Another participant told "Vedomosti" that all Medvedev was doing was indicating his desire to run, but that the issue was far from decided. "What he was saying was essentially this. Sure, I want [to run for a second term] but I do not know yet if I'm going to run for president... So, how are businesses supposed to decide when the president himself is not certain yet?" the participant said.
So what really happened? Beats me. But my instincts, and my understanding of the current political dynamics, tend to favor the latter -- less dramatic -- interpretation of Medvedev's comments.
In a recent post
I cited an interview Finance Minister Aleksei Kudrin gave to "The New York Times" in which he said that although there are nuances in the positions of Medvedev and Putin on issues of economic reform, both were essentially on the same page
"They understand it a little bit differently," Kudrin said. "As a whole, yes, they understand it. Probably they are ready -- I think they are ready for this work. I know this from our discussions. This is why, in principle, Russia will improve its investment climate and carry out reforms under either leader."
In an interview with RFE/RL's Russian Service
today, Oleg Kiselyev, deputy chairman of the Russian Nanotechnologies Corporation, or Rosnano, made a similar point:
I would not proceed at this time from the banal assessment that Medvedev represents progressive change and Putin favors conservative positions. For me it's not yet clear. Yes, the statements Dmitry Medvedev are reformist. However, there are many historical examples where leaders have been in power for a long time and had the strength to offer a new paradigm of development. Therefore, I would still wait for a message of sufficient precision from the prime minister.
As I have blogged before
, my working assumption is that Medvedev and Putin are the leading members of a core "team" of elite officials and business leaders who are now deciding how Russia's political and economic development should proceed into 2012 and beyond.
These are disagreements
and bitter rivalries
within the team, most notably between Kudrin and the economic technocrats on one hand (who favor deeper reforms) and Deputy Prime Minister Igor Sechin and the siloviki (who want to preserve as much of the status quo as possible) on the other.

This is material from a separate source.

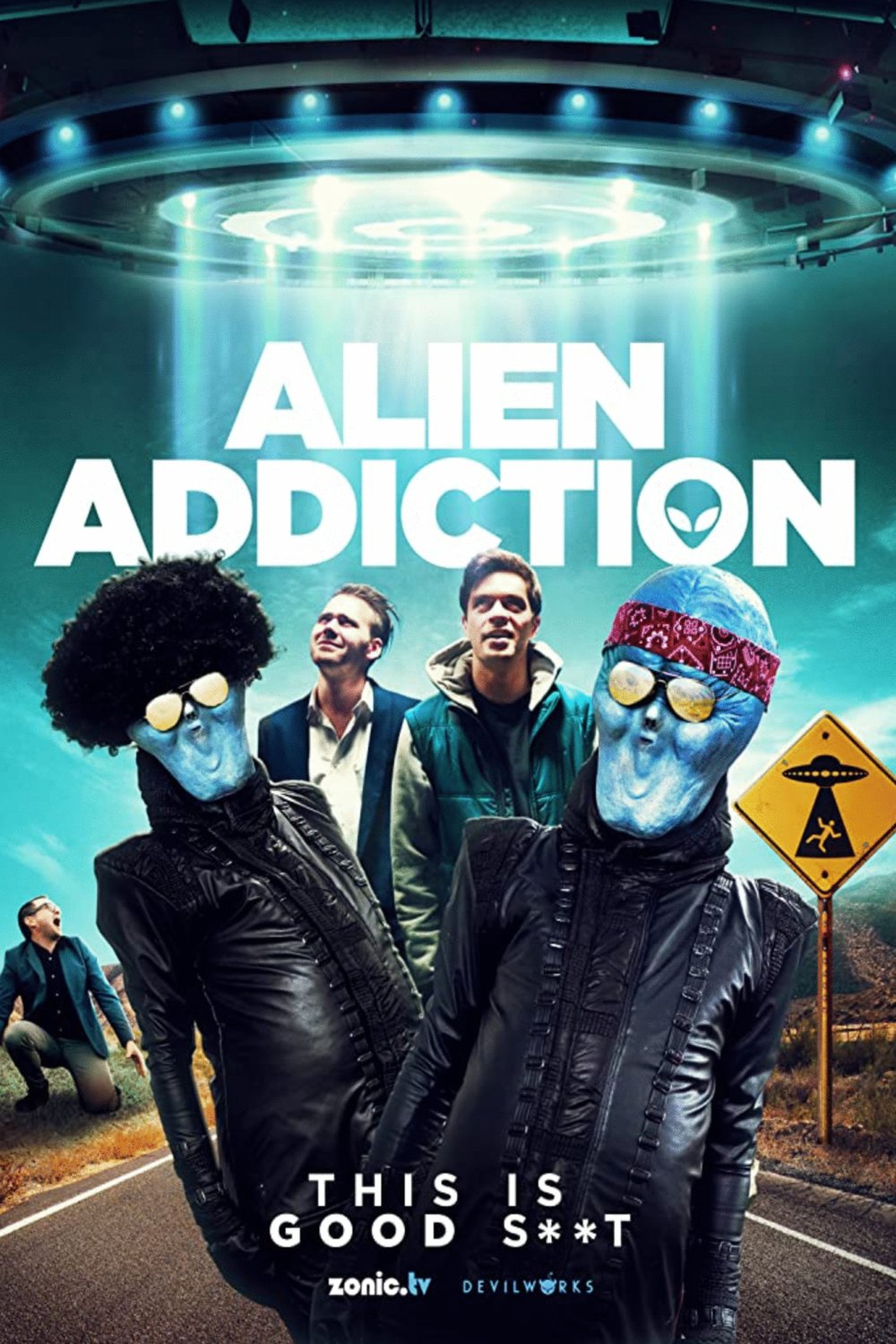 L'affiche du film Alien Addiction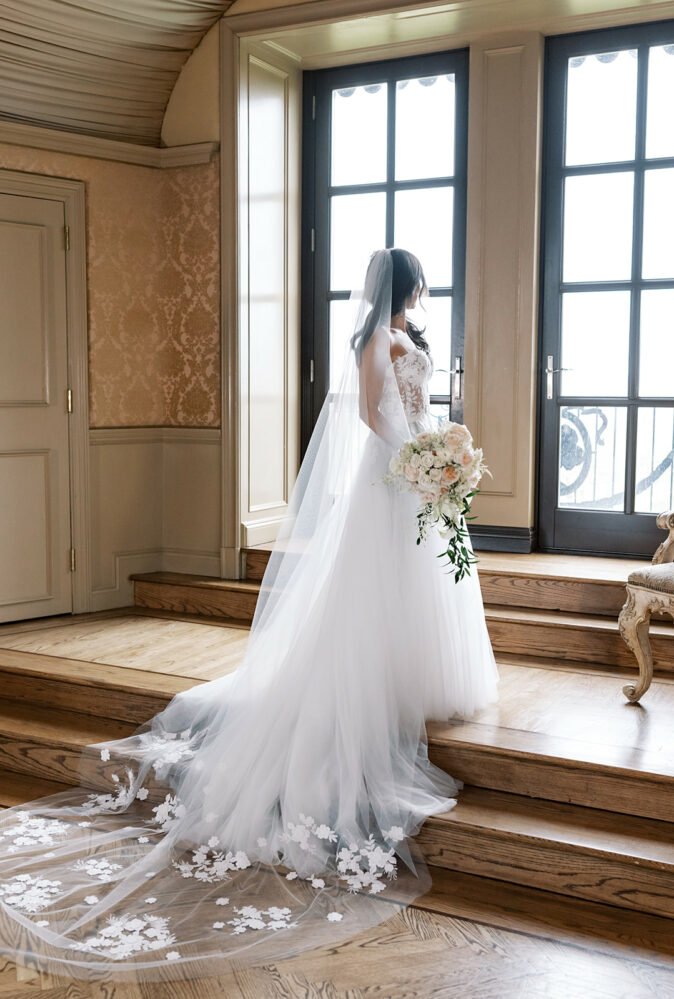 Kathryn christoforatos wearing New Fiona Gown and Matching veil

The trend at this point is in the direction of tightly managed pluralism
in the political system
and a tightly controlled liberalization
of the economy. Most realize that changes must be made, but they are absolutely terrified of losing control of the process.
They have learned the lessons of the Brezhnev period
-- that a top-heavy economy can become stagnant and bring down a superpower. But they have also learned the lessons of Perestroika and the 1990s -- that uncontrolled reform can spin out of control and bring down the whole house of cards.